By the way, is syslog active on slapd while running this test? Is slapd 
configured with reverse-lookups enabled? The point is to identify where 
any non-socket descriptors are coming from, if any. If you can run slapd 
under a debugger with a breakpoint at the point where the error is 
detected (daemon.c line 1862 would be a good choice), and then run lsof 
on the slapd process when the breakpoint is triggered, that may give 
some useful information. Also print slap_daemon, readfds, and writefds 
at that point.

-- 
  -- Howard Chu
  Chief Architect, Symas Corp.  http://www.symas.com
  Director, Highland Sun        http://highlandsun.com/hyc
  OpenLDAP Core Team            http://www.openldap.org/project/

Comment 6 Howard Chu 2005-11-29 03:44:44 UTC
James MacNider wrote:
> We used 10 clients and 10 threads per client spread across 2 test driver
> machines (so a total of 50 threads on each machine).  The time it takes
> for the problem to occur varies...it has happened as quickly as 10
> seconds or as long as 20 minutes. 
>   

We've been running the same test here and see no error.

-- 
  -- Howard Chu
  Chief Architect, Symas Corp.  http://www.symas.com
  Director, Highland Sun        http://highlandsun.com/hyc
  OpenLDAP Core Team            http://www.openldap.org/project/

Comment 7 james.macnider@bridgewatersystems.com 2005-11-29 13:33:29 UTC
The problem may well be specific to Solaris then (I recall you said that
your tests are running under Linux).  

My "configure" was as follows:

configure --enable-bdb=no --enable-null=yes --enable-hdb=no

Every other item was left as the default value.  I did capture the
configure/make/make depend/make test output to file.  If you're
interested in any of that just let me know and I'll send it on to you.

I did have one question for you.  You asked me if was syslog active on
slapd while running the tests. I'm not quite sure what you meant by
that... syslogd is running on the box, but I don't think that's quite
what you were getting at.

I'll do my best to gather the other information you've requested. 

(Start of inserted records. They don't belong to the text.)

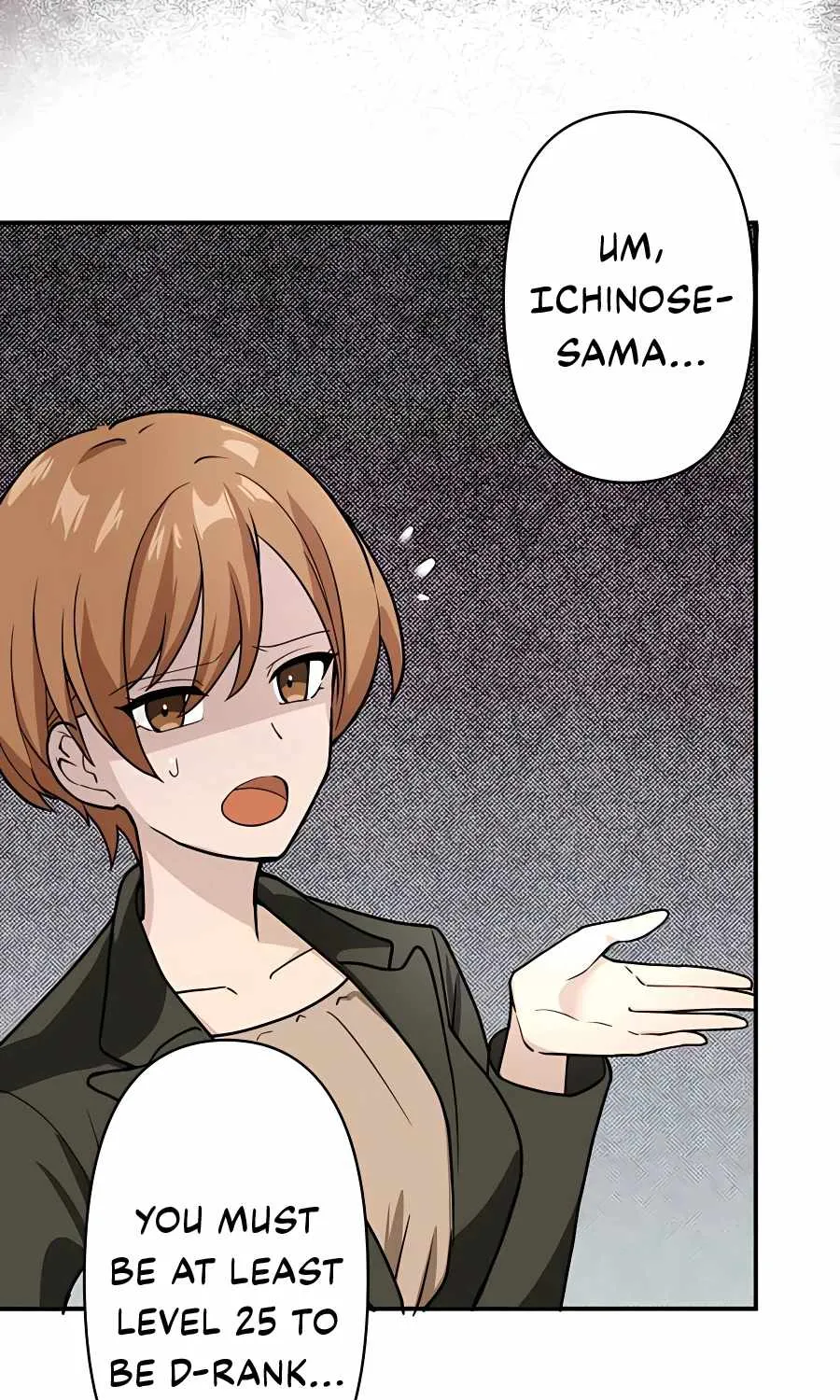 Read Reborn Ranker – Gravity User chapter 8 image 8 on Lezhin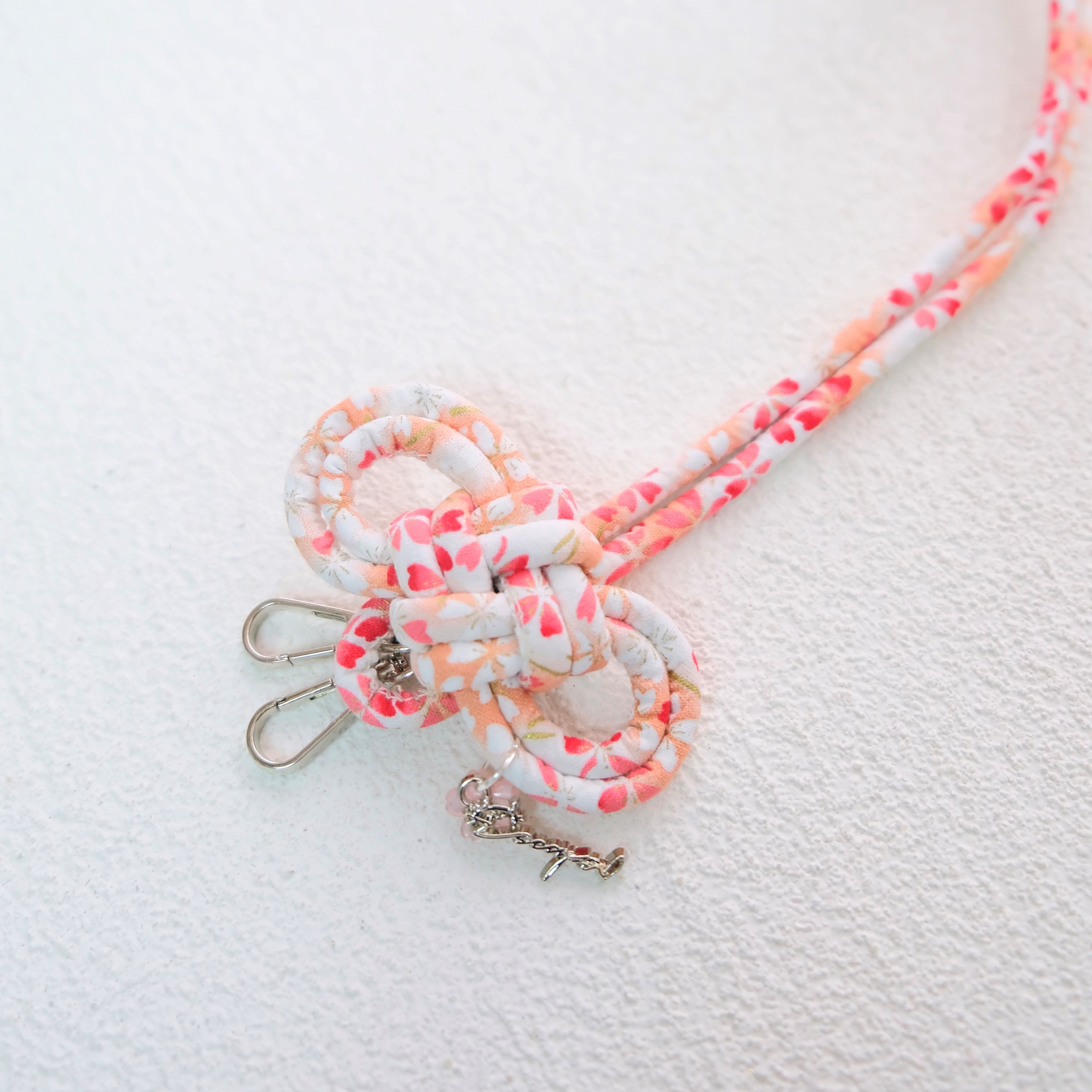 Destiny Phone Strap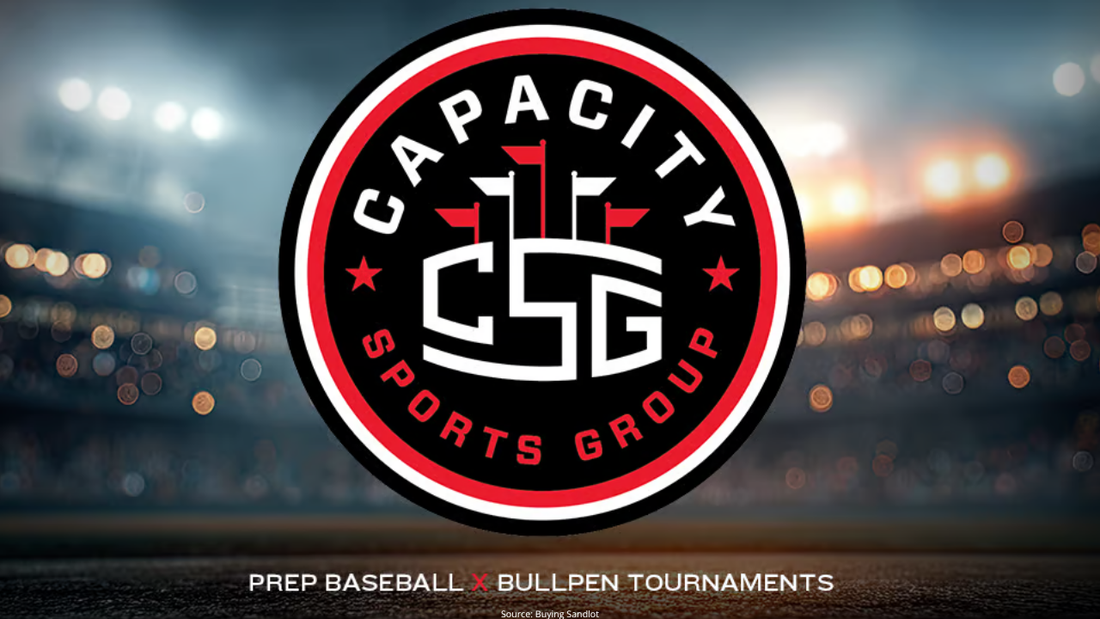 A New Youth Sports Platform Just Pulled Off One of 2026's Biggest Deals
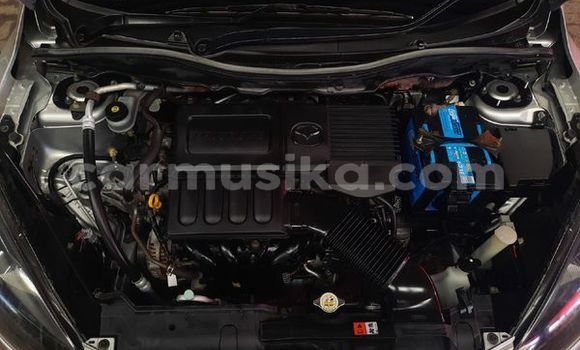 Acheter Occasion Voiture Mazda 2 Gris à Belvédère, Harare Acheter Occasion Voiture Mazda 2 Gris à Belvédère, Harare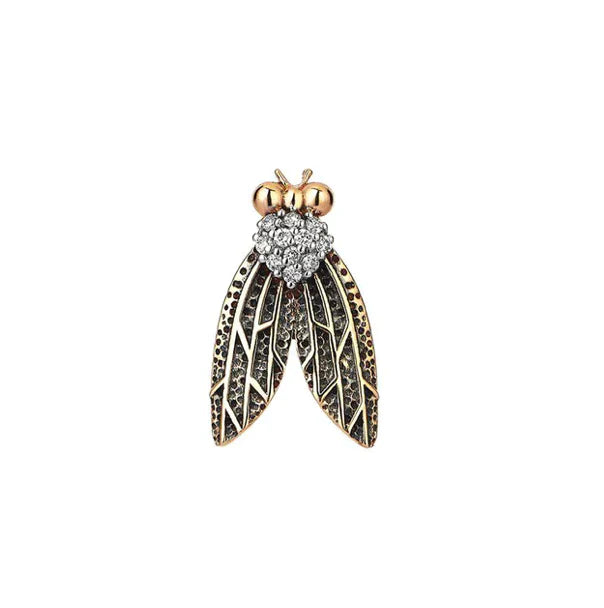 Small Mosquito Threaded Stud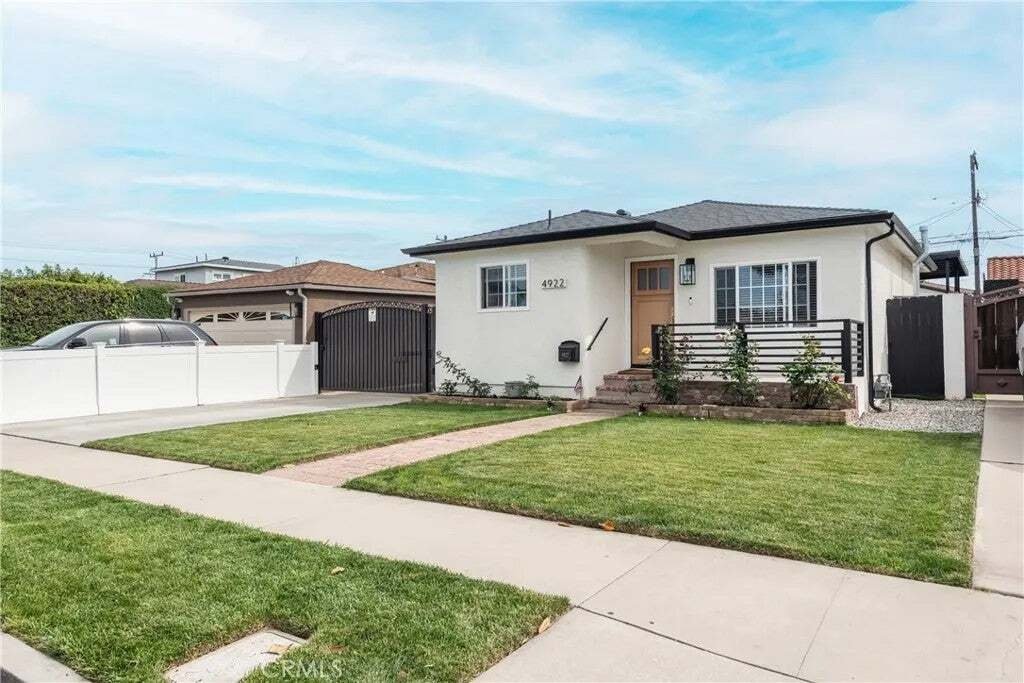 House in Hawthorne, California, United States 1 - 18698257
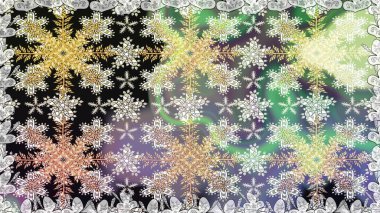 Çiçek süsü kumaş deseni, cam, çiçek desenli altın elementli, nötr renklerde metal. Klasik raster altın pürüzsüz desen.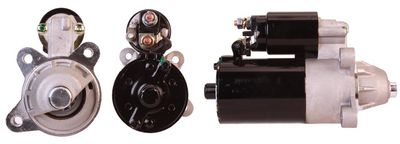 Стартер DRI 619030122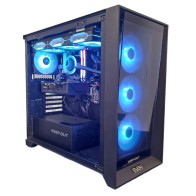 Gaming PC Intel i7 12700F RTX 4070 32GB 1TB NVMe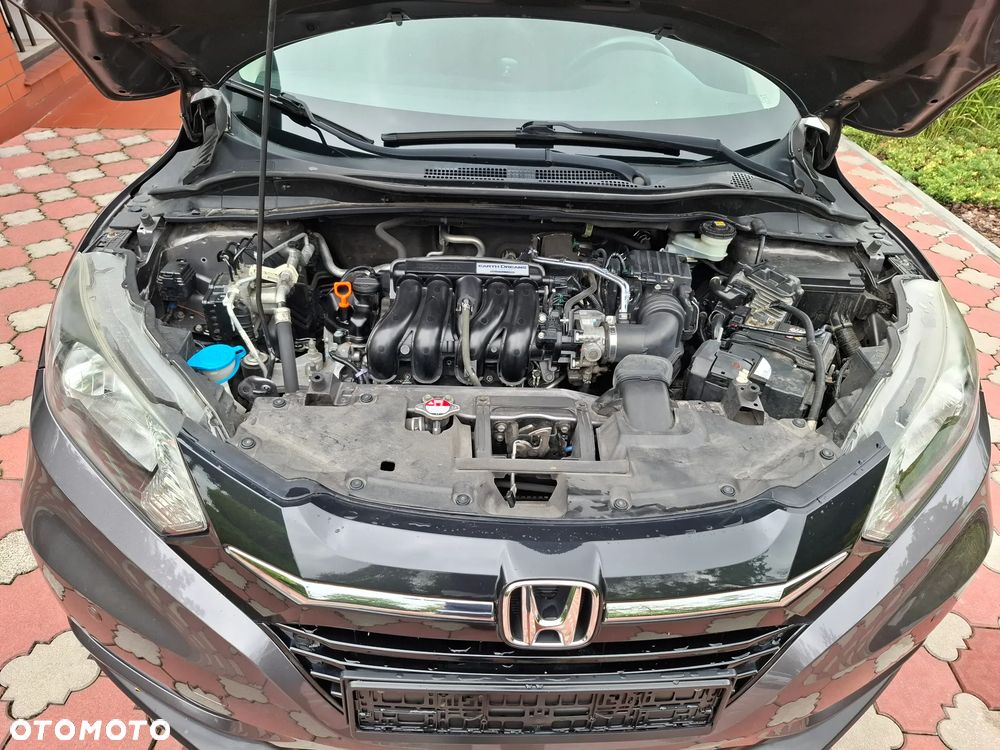 Honda HR-V 1.5 i-VTEC Elegance - 22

-----Original Message-----
From: Howard Chu [mailto:hyc@symas.com] 
Sent: Monday, November 28, 2005 10:45 PM
To: James MacNider
Cc: openldap-its@openldap.org
Subject: Re: (ITS#4216) slapd terminates unexpectedly

James MacNider wrote:
> We used 10 clients and 10 threads per client spread across 2 test 
> driver machines (so a total of 50 threads on each machine).  The time 
> it takes for the problem to occur varies...it has happened as quickly 
> as 10 seconds or as long as 20 minutes.
>   

We've been running the same test here and see no error.

--
  -- Howard Chu
  Chief Architect, Symas Corp.  http://www.symas.com
  Director, Highland Sun        http://highlandsun.com/hyc
  OpenLDAP Core Team            http://www.openldap.org/project/


Comment 8 Quanah Gibson-Mount 2005-11-29 17:52:30 UTC

--On Tuesday, November 29, 2005 1:33 PM +0000 
james.macnider@bridgewatersystems.com wrote:

> The problem may well be specific to Solaris then (I recall you said that
> your tests are running under Linux).
>
> My "configure" was as follows:
>
> configure --enable-bdb=no --enable-null=yes --enable-hdb=no
>
> Every other item was left as the default value.  I did capture the
> configure/make/make depend/make test output to file.  If you're
> interested in any of that just let me know and I'll send it on to you.
>
> I did have one question for you.  You asked me if was syslog active on
> slapd while running the tests. I'm not quite sure what you meant by
> that... syslogd is running on the box, but I don't think that's quite
> what you were getting at.
>
> I'll do my best to gather the other information you've requested.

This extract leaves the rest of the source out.